◆ Task description
Could you retype every record below exactly as it appears?
[Opening Recorded information section]
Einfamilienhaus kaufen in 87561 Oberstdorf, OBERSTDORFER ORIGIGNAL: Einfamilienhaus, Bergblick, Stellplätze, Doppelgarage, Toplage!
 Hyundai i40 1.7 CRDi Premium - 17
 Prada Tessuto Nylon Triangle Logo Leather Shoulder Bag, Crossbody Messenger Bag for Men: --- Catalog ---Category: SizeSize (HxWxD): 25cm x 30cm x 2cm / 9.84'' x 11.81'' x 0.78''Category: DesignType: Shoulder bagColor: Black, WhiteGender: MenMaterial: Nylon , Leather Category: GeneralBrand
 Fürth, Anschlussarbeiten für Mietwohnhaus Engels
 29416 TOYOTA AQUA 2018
[Closing Recorded information section]
◆ Task solution
Einfamilienhaus kaufen in 87561 Oberstdorf, OBERSTDORFER ORIGIGNAL: Einfamilienhaus, Bergblick, Stellplätze, Doppelgarage, Toplage!
 Hyundai i40 1.7 CRDi Premium - 17
 Prada Tessuto Nylon Triangle Logo Leather Shoulder Bag, Crossbody Messenger Bag for Men: --- Catalog ---Category: SizeSize (HxWxD): 25cm x 30cm x 2cm / 9.84'' x 11.81'' x 0.78''Category: DesignType: Shoulder bagColor: Black, WhiteGender: MenMaterial: Nylon , Leather Category: GeneralBrand
 Fürth, Anschlussarbeiten für Mietwohnhaus Engels
 29416 TOYOTA AQUA 2018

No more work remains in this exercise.